Because the school year in Florida begins in early August, Sarasota Crew's fall season began Aug. 12, which was even before five athletes racing at Junior Worlds were home. Galvanek said the early weeks are all about easing novices in and getting returning kids into light practices in singles.
When the full group is back on the water, the groups are mixed, but quickly self-sort by which athletes are in shape, and which are not, and then are formed into competitive training groups that row team boats.
"We start off with a mixed group of kids, go over drilling and rudimentary rowing, then we row the singles a lot," he said. "Our mission in the fall is to organize through the singles in groups of eight. Those kids that did work out are more proficient in the singles and rise to the A group, and then they row together in the eights during some practices." Galvanek said the entire focus of the fall program is base training and skill development.
The club is taking three crews to the Head of the Charles, but selection is done through a singles time trial at the end of September, and most of the fall rowing is done in small boats.
"It's not real hard to sort them out," he said. "They quickly come to terms with where they are, if they sat on the couch playing video games all summer, then they struggle in say the H group, if they worked out or rowed, or even just did some steady state in the single, then they are in the C group or up."
Sarasota Crew men's eight at 2018 Youth Nationals
Of the three age levels of rowing, masters are the most focused on racing in the fall, and among the competitive groups, there is very little training time off from summer to fall, if any, because the peak racing events for masters is the Master's National Championship and the fall head races.
Masters programs, like high schools, vary in size and competitive levels. One example of a program that races a lot is Greenwich Crew, which had 54 crews entered in the National Championship.

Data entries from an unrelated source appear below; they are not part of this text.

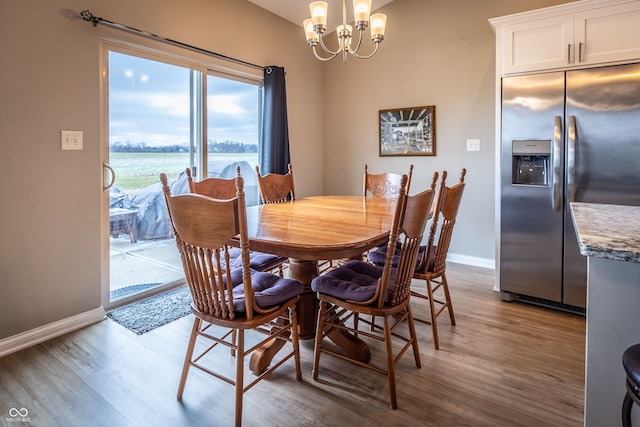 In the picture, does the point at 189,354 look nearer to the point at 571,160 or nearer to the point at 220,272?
the point at 220,272

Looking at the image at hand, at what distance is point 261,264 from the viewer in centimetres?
234

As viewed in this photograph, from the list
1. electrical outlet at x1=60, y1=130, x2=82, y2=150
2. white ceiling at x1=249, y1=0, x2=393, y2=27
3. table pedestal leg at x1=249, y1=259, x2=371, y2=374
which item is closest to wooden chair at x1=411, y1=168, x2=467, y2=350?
table pedestal leg at x1=249, y1=259, x2=371, y2=374

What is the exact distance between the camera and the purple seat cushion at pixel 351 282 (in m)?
1.75

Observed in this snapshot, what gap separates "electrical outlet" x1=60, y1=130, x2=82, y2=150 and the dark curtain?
1692 millimetres

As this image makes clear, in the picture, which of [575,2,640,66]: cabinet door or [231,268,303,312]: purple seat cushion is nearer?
[231,268,303,312]: purple seat cushion

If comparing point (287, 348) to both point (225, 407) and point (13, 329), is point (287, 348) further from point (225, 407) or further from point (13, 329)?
point (13, 329)

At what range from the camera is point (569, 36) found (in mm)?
2607

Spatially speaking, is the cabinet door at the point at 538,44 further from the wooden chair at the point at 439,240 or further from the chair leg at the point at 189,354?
the chair leg at the point at 189,354

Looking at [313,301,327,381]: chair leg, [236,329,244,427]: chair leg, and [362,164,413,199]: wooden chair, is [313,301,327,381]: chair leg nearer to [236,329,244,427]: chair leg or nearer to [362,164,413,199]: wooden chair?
[236,329,244,427]: chair leg

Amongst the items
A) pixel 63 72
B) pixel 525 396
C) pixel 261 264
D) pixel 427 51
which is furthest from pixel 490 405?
pixel 427 51

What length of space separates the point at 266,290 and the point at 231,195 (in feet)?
3.68

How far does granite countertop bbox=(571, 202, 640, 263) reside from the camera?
0.94m

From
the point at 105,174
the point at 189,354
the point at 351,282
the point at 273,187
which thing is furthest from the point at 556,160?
the point at 105,174

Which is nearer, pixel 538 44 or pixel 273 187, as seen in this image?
pixel 538 44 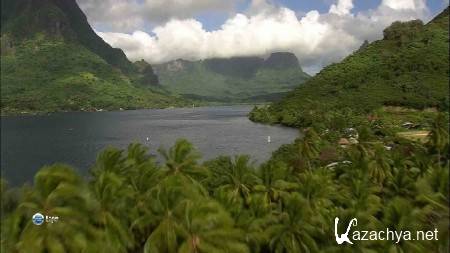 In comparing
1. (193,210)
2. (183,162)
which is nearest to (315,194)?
(183,162)

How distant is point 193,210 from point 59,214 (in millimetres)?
9282

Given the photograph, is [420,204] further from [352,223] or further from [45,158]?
[45,158]

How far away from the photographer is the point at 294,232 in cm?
4088

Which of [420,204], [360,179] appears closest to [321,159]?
[360,179]

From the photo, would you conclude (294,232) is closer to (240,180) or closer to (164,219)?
(164,219)

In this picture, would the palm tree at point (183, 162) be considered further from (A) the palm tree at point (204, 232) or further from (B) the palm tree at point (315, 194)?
(A) the palm tree at point (204, 232)

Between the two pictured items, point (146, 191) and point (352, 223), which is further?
point (146, 191)

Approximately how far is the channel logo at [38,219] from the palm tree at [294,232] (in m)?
19.6

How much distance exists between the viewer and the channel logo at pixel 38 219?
100 ft

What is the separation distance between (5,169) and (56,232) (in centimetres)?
12447

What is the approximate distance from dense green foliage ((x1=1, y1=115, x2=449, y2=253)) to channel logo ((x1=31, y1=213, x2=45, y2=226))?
15.6 inches

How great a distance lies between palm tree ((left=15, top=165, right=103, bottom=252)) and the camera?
30.2 meters

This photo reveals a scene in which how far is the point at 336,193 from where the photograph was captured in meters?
58.3

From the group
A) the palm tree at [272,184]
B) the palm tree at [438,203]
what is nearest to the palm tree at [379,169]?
the palm tree at [272,184] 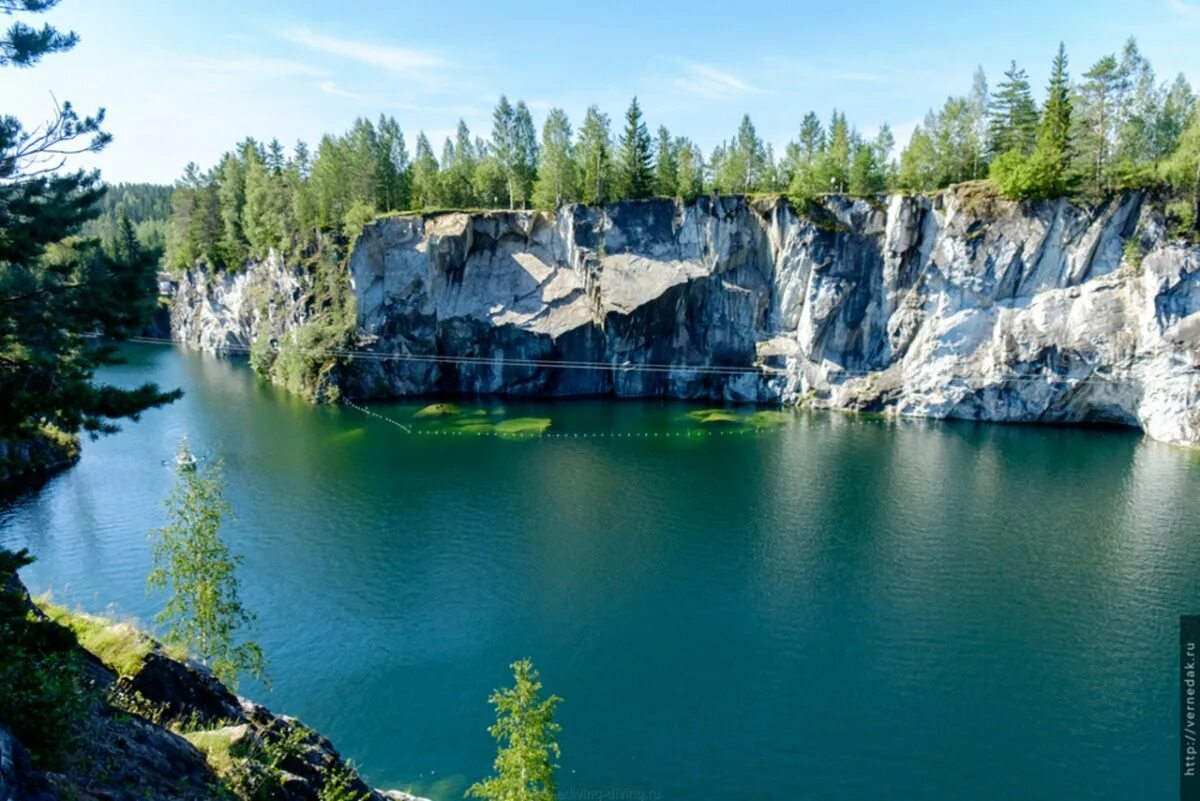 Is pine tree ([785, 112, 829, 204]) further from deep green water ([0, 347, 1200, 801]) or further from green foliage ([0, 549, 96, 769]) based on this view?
green foliage ([0, 549, 96, 769])

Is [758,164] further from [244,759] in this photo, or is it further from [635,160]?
[244,759]

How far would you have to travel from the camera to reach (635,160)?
70.9m

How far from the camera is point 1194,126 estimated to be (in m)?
52.5

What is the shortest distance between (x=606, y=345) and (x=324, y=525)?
129ft

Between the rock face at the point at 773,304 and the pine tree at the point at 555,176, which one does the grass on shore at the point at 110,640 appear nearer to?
the rock face at the point at 773,304

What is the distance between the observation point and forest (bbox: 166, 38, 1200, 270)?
183ft

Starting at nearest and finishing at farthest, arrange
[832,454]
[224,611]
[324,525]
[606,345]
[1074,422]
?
1. [224,611]
2. [324,525]
3. [832,454]
4. [1074,422]
5. [606,345]

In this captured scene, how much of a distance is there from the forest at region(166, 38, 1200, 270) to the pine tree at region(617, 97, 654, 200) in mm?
140

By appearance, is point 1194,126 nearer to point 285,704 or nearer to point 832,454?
point 832,454

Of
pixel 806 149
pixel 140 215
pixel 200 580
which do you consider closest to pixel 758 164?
pixel 806 149

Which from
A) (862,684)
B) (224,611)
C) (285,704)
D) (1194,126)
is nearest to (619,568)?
(862,684)

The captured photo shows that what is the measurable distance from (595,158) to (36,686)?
226 ft

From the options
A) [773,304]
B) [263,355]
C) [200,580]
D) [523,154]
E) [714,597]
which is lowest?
[714,597]

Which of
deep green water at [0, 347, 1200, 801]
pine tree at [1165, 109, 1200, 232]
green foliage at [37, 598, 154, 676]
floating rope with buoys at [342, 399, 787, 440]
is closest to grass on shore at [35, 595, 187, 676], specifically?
green foliage at [37, 598, 154, 676] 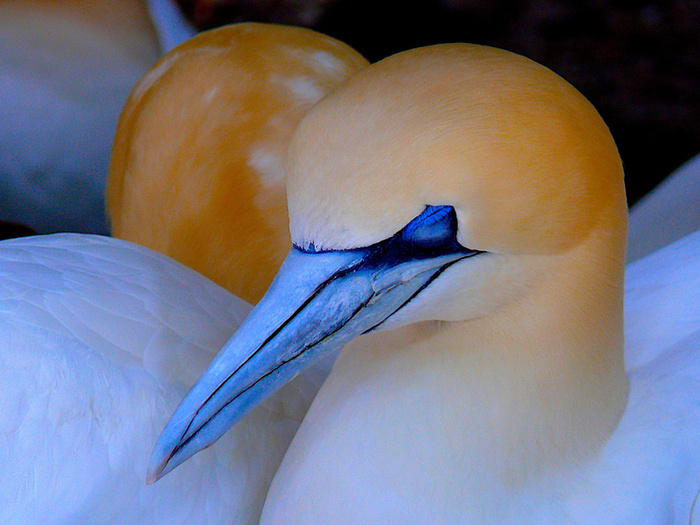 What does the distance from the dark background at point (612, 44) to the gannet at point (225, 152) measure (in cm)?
121

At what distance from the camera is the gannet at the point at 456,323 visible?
1.12m

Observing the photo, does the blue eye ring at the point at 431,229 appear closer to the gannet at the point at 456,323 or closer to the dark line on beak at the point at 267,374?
the gannet at the point at 456,323

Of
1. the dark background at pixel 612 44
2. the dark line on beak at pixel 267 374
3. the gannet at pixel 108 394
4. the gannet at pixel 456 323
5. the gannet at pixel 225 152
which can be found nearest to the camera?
the gannet at pixel 456 323

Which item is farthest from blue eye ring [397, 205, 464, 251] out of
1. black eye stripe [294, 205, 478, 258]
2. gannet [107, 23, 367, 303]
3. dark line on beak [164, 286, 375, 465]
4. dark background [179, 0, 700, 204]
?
dark background [179, 0, 700, 204]

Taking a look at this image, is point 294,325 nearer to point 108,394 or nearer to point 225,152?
point 108,394

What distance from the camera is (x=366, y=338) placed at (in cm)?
148

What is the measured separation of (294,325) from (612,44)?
107 inches

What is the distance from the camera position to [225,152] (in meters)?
2.23

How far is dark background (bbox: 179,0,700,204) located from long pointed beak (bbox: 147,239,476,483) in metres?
2.49

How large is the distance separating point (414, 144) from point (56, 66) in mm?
2343

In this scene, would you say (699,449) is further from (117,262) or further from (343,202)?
(117,262)

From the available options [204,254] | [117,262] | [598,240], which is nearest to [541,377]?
[598,240]

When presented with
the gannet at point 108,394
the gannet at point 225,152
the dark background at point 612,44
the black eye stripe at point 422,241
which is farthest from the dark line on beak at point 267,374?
the dark background at point 612,44

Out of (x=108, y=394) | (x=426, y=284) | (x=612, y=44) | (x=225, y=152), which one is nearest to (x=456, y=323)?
(x=426, y=284) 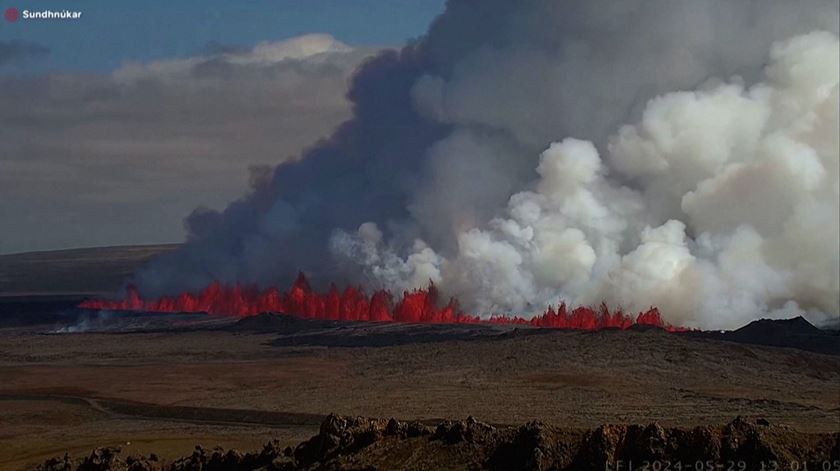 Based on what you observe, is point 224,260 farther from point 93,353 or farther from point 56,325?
point 93,353

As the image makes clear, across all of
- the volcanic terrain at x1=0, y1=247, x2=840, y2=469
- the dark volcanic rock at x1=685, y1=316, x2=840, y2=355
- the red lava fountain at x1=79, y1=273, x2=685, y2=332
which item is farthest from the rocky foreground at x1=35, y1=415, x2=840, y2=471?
the red lava fountain at x1=79, y1=273, x2=685, y2=332

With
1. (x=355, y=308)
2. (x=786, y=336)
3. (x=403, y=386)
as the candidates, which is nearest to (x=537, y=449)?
(x=403, y=386)

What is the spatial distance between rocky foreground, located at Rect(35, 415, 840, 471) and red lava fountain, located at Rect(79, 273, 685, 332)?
5892 centimetres

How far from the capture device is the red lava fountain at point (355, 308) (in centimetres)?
9081

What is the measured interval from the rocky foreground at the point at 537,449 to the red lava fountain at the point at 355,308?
193 ft

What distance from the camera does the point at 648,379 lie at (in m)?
61.9

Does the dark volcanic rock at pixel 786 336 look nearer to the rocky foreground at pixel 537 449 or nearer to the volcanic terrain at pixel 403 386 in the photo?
the volcanic terrain at pixel 403 386

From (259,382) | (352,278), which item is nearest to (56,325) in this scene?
(352,278)

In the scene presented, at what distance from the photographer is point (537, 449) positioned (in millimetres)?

According to head masters coach Darren Gary, there is no time off from training between the summer and fall events, and the training for both are done pretty much at the same time, with speed and racing work days followed by volume days
"It's a unique challenge for masters, compared to juniors and college kids, because of the fact that our two main seasons are back to back to each other. Masters Nationals is late to mid-August and then our first race of the fall is two to three weeks later. It definitely makes it tricky," he said.
"We do a lot of volume in the spring and the summer, and we just have to train concurrently. On days we're training for masters nationals, doing 500-meter pieces, or lining up boats to race and do starts, the next day might be that long 15k steady state row, gearing up for the fall, before nationals even happens.
"We include a lot of that in our recovery days, or just long steady state days focusing in on what it's going to be like in the fall, because it is a very short transition period."
Gary said that while there is a large group of racing members, there are also new members or masters that have been off and need time to get back into shape.
For those rowers, Gary runs separate practice times, and as people advance along their particular curve, they can move into the more competitive time slot, which row at dawn. The less advanced groups row at different times later in the morning, with the novices going the latest.
"I think for the later groups, practice is less about the racing, so that's where we bring in our newer rowers and have learn to row sessions," he said. "After we get through that, the hope is three to four transition to the earlier groups."